Everybody seems to be talking about agile these days, but most companies are still using a waterfall based methodology. Often, the team delivering the code uses a different process than the team responsible for software quality. In this presentation, Angela will discuss which agile tenets are worth incorporating into your daily testing activities in this situation and the impacts, both positive and negative, that you should expect. You will learn tips and tricks for introducing agile concepts into a waterfall environment slowly and successfully; methods that incorporate not just application lifecycle management tools, but a look at strategies for process improvement and in some cases good, old-fashioned psychology. Join Angela to find that low hanging fruit you can address quickly to become more agile, understand how to recognize and mitigate common pitfalls, and learn tools and techniques for managing an agile-under-waterfall testing effort.
Far too often agile adoptions focus just on the development teams, agile frameworks, or technical practices as a part of their adoption strategies. And then there’s the near perpetual focus on tooling or developing test automation without striking a balanced approach. Often the testing activity and the testing teams are “left behind” in agile strategy development or worse yet, they’re simply “along for the ride”. That is not an effective transformation strategy. Join experienced agile coaches Bob Galen and Mary Thorn as they share the Three Pillars framework for establishing a balanced strategic plan for effective quality and testing. The Three Pillars focus on development and test automation, testing practices, and collaboration activities that will ensure you have a balanced approach to agile testing. Specifically, risk-based testing, exploratory testing, paired collaboration around agile requirements, agile test design, and TDD-BDD-Functional testing automation will be explored as tactic within a balanced Three Pillars framework. You will leave with the tools to immediately initiate or re-tool a much more effective and balanced agile testing strategy. ortion pills to be shipped to house
QASYMPHONY & BLUEPRINT PARTNER UP Learn about the new partnership between QASymphony and Blueprint. Connecting software requirements with proper test coverage still remains an age old problem for software development teams. This new partnership will provide alignment between requirements and testing teams of all types to get the visibility and traceability needed to understand their requirements coverage.
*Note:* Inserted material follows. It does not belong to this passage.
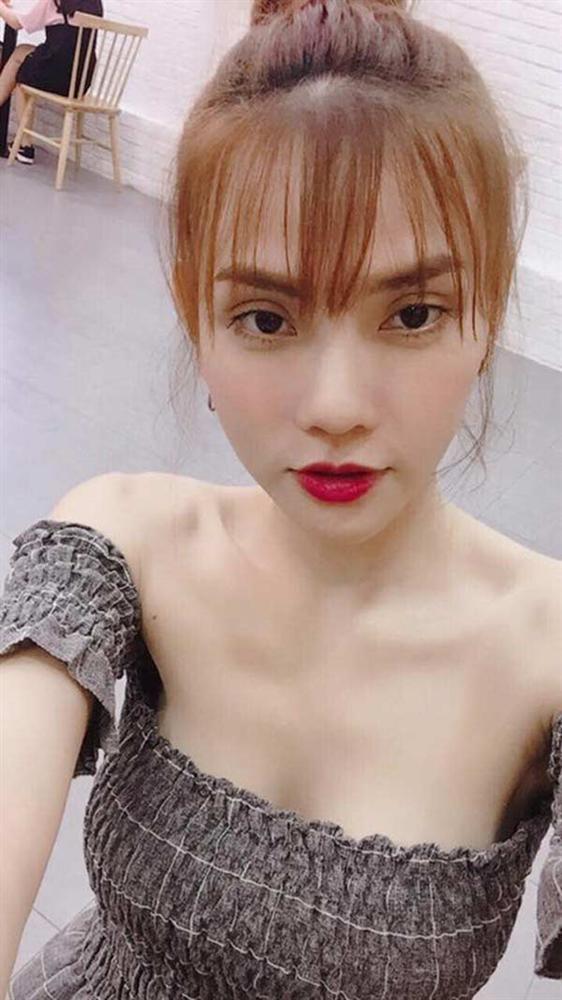 Ca sĩ Thu Thủy đẹp gấp bội sau biến cố hôn nhân nhờ thứ rẻ tiền dễ mua này-1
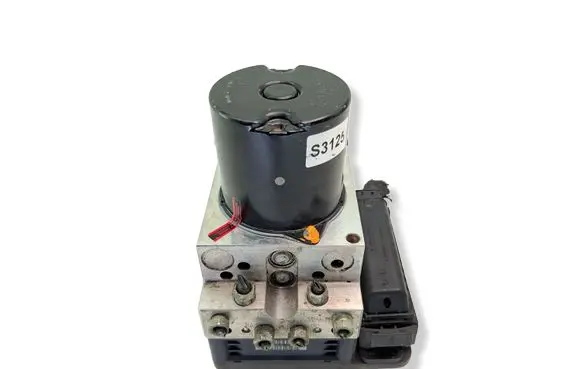 BMW 5 E60 E61 ABS Pump 6783360 6783362 34516783360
In this webinar, Kevin Dunne, QASymphony's VP of Strategy and Business Development and Ruth Zive, VP of Marketing at Blueprint will answer the following questions: What is QASymphonys qTest Platform? How is this platform enhanced by Blueprint? How does the integration between qTest and Blueprint work? Why does your team need this offering?
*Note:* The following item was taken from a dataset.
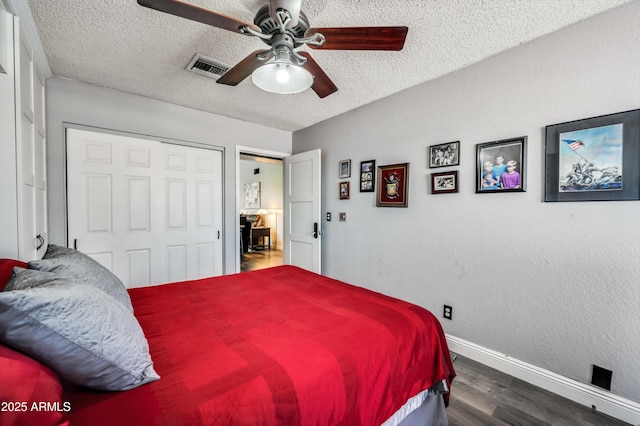 13207 N 55th Ave, Glendale, AZ 85304 - bedroom with dark wood-style flooring, a textured ceiling, a closet, and ceiling fan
This document discusses exploratory testing (E.T.) and how to effectively implement it. It begins by defining E.T. as simultaneous learning, test design, and execution. It then contrasts E.T. with scripted testing, noting that E.T.'s goal is to find bugs while scripted testing aims to measure coverage. The document provides tips for doing good E.T., such as keeping notes and using different testing styles. It also discusses managing E.T., including using sessions and balancing E.T. with other testing. Lessons learned emphasize the benefits of pair testing and that E.T. requires skilled testers and planning to be successful.
Mithun R has over 3 years of experience as a QA analyst and automation tester. He has worked on projects in the banking domain for clients like Citi Bank. Some of his responsibilities include designing and executing test plans, writing test cases, defect tracking, and ensuring compliance. He is proficient with tools like HP Quality Center, HP ALM, and QTP. He has experience in testing techniques like system integration testing, mobile application testing, and regression testing.
The document provides answers to frequently asked questions about manual software testing. It discusses introducing new QA processes, the role of documentation, qualities of a good test engineer, definitions of a test plan, test case, and other key testing terms. It also offers advice on issues like handling bugs, testing with changing requirements, and knowing when to stop testing. The overall focus is on best practices for planning, executing and improving manual testing processes.
How to identify and leverage useful metrics vs harmful metrics. Rules of good metrics; values to apply and principles to follow when measuring the well-being of a company's people, process, and product.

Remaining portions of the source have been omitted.